*** Provided data ***

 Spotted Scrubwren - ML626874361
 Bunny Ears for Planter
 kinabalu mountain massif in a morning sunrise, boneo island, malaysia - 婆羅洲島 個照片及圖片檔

*** End of Provided data ***

## About this task
What you return must match, line for line, the data from the line containing "Bunny Ears for Planter" to its end, both ends included.

## Result for this exercise
 Bunny Ears for Planter
 kinabalu mountain massif in a morning sunrise, boneo island, malaysia - 婆羅洲島 個照片及圖片檔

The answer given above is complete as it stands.